Banner grabbing, or OS fingerprinting, identifies the operating system on a remote target, helping attackers exploit OS-specific vulnerabilities. There are two methods: observing banners when connecting to services (e.g., FTP) and analyzing system architecture via binary files.
More advanced techniques use stack querying, which analyzes packet responses, including TCP connection requests and initial sequence number (ISN) analysis to detect random number generation patterns.
Another approach involves sending ICMP messages and evaluating the target’s replies to further identify the OS.
Banner Grabbing Techniques
Active Banner Grabbing:
Active banner grabbing involves sending specifically designed TCP/IP packets to the target system to examine its responses. Since different operating systems have unique TCP/IP stack implementations, they respond to these packets in distinct ways. Tools like Nmap use several tests to gather OS fingerprints:
- Test 1: TCP packet with SYN and ECN-Echo flags.
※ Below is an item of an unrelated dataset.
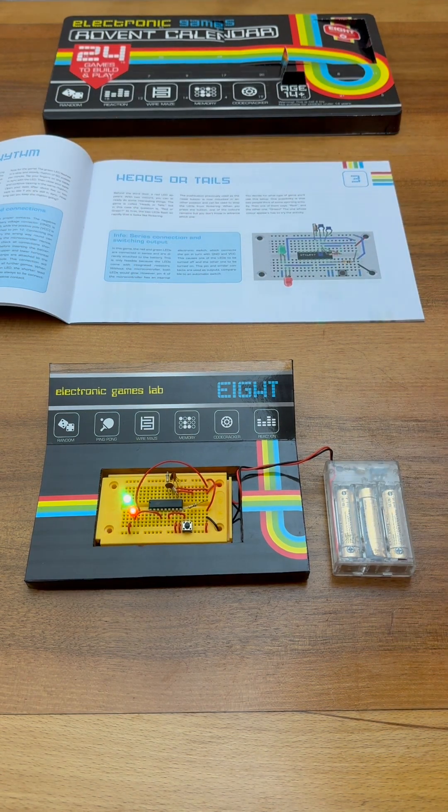I think this is a really great project, and if like me you can't wait for day number four, make sure you're subscribed to catch tomorrow's video. In the meantime, check out my vintage electronics and retro computing content right here on YouTube.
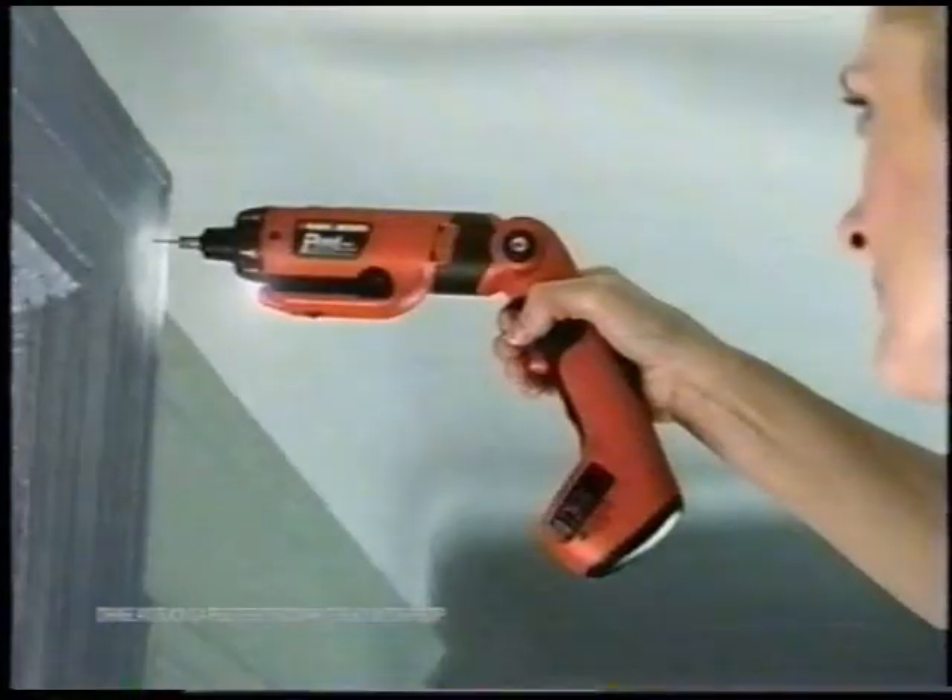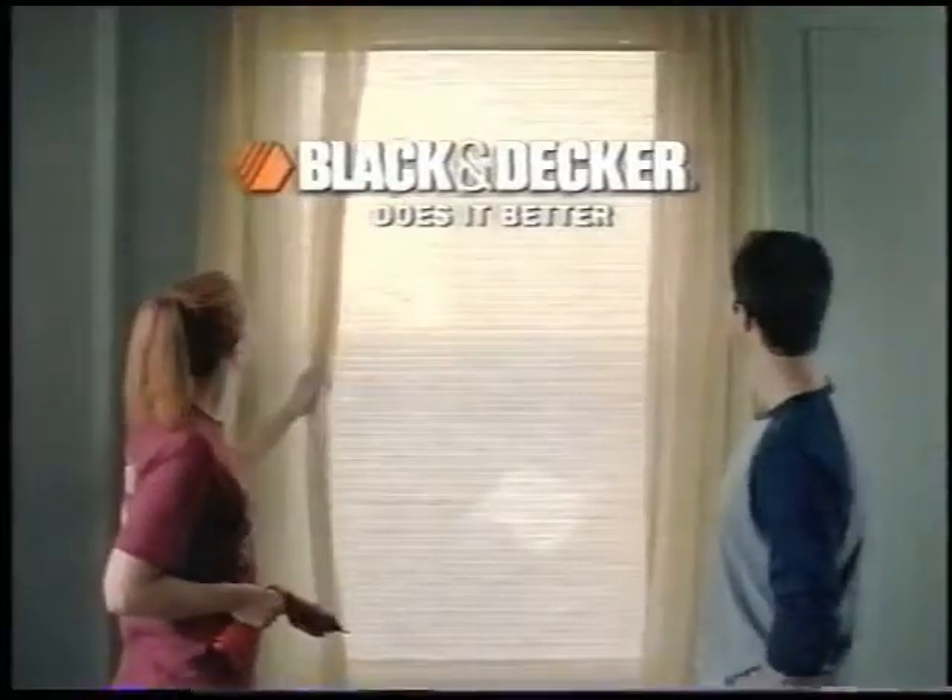He's not a very good handyman because he's not handy. Thankfully, we have the Pivot Plus — it's the only power screwdriver that has a tape measure and two speeds for drilling holes and driving screws. It's got everything we need built right in. The Pivot Plus from Black and Decker.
- Test 2: NULL TCP packet (no flags).
- Test 3: TCP packet with URG, PSH, SYN, and FIN flags.
- Test 4: TCP packet with the ACK flag.
- Test 5: SYN packet to a closed port.
- Test 6: ACK packet to a closed port.
- Test 7: TCP packet with URG, PSH, and FIN flags to a closed port.
- Test 8: UDP packet to a closed port for ICMP “port unreachable” response.
- Test 9: TCP Sequence ability test to analyze sequence number patterns.
The purpose of these tests is to observe the sequence generation patterns from the target system, which provides clues about the OS. Different systems have different patterns:
- Older UNIX systems use the traditional 64K sequence method.
- Systems like FreeBSD and newer Solaris versions implement random increments.
- Linux 2.0 and newer AIX versions generate truly random sequences.
- Windows systems use a time-dependent sequence model, where the sequence numbers increase at a fixed interval
Passive banner grabbing:
Passive banner grabbing, similar to active banner grabbing, is a technique used to analyze the implementation of network stacks and detect operating systems based on the response of the target system.
However, while active banner grabbing involves sending requests and analyzing responses, passive banner grabbing is a stealthier approach.
It focuses on capturing packets and sniffing the network traffic to study specific tell-tale signs that may reveal the OS used by the target.
Key Techniques for Passive Banner Grabbing
- Banner Grabbing from Error Messages: Error messages, such as those providing details about the server type, OS, and SSL tools, can be insightful.
- Sniffing the Network Traffic: By analyzing network traffic, an attacker can determine the OS used by a remote system.
- Banner Grabbing from Page Extensions: Web extensions such as
.aspx(often associated with IIS servers and Windows systems) may help in identifying the server’s operating system.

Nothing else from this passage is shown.